* **PROBLEM**
Given the listing below, write out exactly the lines starting with the line that has "превратились в реки" and going on through the line that has "Nina Z Ziefvert Sonia Corset Clogs", both kept.
*** DATA PROVIDED Section Begins ***
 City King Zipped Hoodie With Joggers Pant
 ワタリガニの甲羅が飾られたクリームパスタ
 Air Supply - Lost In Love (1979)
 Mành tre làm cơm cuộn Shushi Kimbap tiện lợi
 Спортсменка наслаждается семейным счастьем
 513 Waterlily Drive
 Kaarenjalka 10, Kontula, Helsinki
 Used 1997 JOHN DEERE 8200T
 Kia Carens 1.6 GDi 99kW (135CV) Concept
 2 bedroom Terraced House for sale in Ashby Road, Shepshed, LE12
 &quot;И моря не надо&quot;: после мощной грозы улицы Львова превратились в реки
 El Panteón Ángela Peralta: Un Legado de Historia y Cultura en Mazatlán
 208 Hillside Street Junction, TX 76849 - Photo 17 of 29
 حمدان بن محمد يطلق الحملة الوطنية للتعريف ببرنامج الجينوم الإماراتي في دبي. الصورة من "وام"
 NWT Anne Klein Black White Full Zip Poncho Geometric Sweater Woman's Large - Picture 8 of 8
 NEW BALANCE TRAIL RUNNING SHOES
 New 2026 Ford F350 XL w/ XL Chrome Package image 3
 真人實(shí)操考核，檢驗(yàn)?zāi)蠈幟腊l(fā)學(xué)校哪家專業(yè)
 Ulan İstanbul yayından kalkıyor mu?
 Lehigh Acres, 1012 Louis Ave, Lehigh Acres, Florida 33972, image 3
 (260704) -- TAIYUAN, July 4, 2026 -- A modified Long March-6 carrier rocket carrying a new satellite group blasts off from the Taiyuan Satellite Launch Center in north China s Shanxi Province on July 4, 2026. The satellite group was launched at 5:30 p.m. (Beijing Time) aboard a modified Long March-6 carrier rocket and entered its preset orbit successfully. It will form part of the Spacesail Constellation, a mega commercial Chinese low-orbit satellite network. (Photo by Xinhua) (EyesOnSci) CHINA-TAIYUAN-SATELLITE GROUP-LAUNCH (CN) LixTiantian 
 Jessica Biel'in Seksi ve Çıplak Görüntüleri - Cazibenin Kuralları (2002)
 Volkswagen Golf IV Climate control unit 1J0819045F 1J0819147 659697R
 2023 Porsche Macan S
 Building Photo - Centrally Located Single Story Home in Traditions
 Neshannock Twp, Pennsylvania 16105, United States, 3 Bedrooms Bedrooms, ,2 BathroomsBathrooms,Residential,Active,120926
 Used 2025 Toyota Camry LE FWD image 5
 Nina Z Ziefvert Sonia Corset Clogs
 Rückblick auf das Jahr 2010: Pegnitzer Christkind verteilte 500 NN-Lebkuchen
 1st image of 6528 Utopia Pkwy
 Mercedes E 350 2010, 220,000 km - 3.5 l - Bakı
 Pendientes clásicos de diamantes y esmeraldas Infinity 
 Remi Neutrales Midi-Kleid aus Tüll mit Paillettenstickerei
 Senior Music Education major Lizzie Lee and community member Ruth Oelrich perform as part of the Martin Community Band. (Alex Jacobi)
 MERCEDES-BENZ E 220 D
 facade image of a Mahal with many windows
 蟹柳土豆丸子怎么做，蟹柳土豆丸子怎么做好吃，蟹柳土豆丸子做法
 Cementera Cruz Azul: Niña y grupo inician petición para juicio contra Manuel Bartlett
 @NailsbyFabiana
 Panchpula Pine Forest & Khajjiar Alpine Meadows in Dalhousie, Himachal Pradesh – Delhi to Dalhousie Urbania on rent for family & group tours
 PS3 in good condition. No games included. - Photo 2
*** DATA PROVIDED Section Ends ***
* **WORKED SOLUTION**
 &quot;И моря не надо&quot;: после мощной грозы улицы Львова превратились в реки
 El Panteón Ángela Peralta: Un Legado de Historia y Cultura en Mazatlán
 208 Hillside Street Junction, TX 76849 - Photo 17 of 29
 حمدان بن محمد يطلق الحملة الوطنية للتعريف ببرنامج الجينوم الإماراتي في دبي. الصورة من "وام"
 NWT Anne Klein Black White Full Zip Poncho Geometric Sweater Woman's Large - Picture 8 of 8
 NEW BALANCE TRAIL RUNNING SHOES
 New 2026 Ford F350 XL w/ XL Chrome Package image 3
 真人實(shí)操考核，檢驗(yàn)?zāi)蠈幟腊l(fā)學(xué)校哪家專業(yè)
 Ulan İstanbul yayından kalkıyor mu?
 Lehigh Acres, 1012 Louis Ave, Lehigh Acres, Florida 33972, image 3
 (260704) -- TAIYUAN, July 4, 2026 -- A modified Long March-6 carrier rocket carrying a new satellite group blasts off from the Taiyuan Satellite Launch Center in north China s Shanxi Province on July 4, 2026. The satellite group was launched at 5:30 p.m. (Beijing Time) aboard a modified Long March-6 carrier rocket and entered its preset orbit successfully. It will form part of the Spacesail Constellation, a mega commercial Chinese low-orbit satellite network. (Photo by Xinhua) (EyesOnSci) CHINA-TAIYUAN-SATELLITE GROUP-LAUNCH (CN) LixTiantian 
 Jessica Biel'in Seksi ve Çıplak Görüntüleri - Cazibenin Kuralları (2002)
 Volkswagen Golf IV Climate control unit 1J0819045F 1J0819147 659697R
 2023 Porsche Macan S
 Building Photo - Centrally Located Single Story Home in Traditions
 Neshannock Twp, Pennsylvania 16105, United States, 3 Bedrooms Bedrooms, ,2 BathroomsBathrooms,Residential,Active,120926
 Used 2025 Toyota Camry LE FWD image 5
 Nina Z Ziefvert Sonia Corset Clogs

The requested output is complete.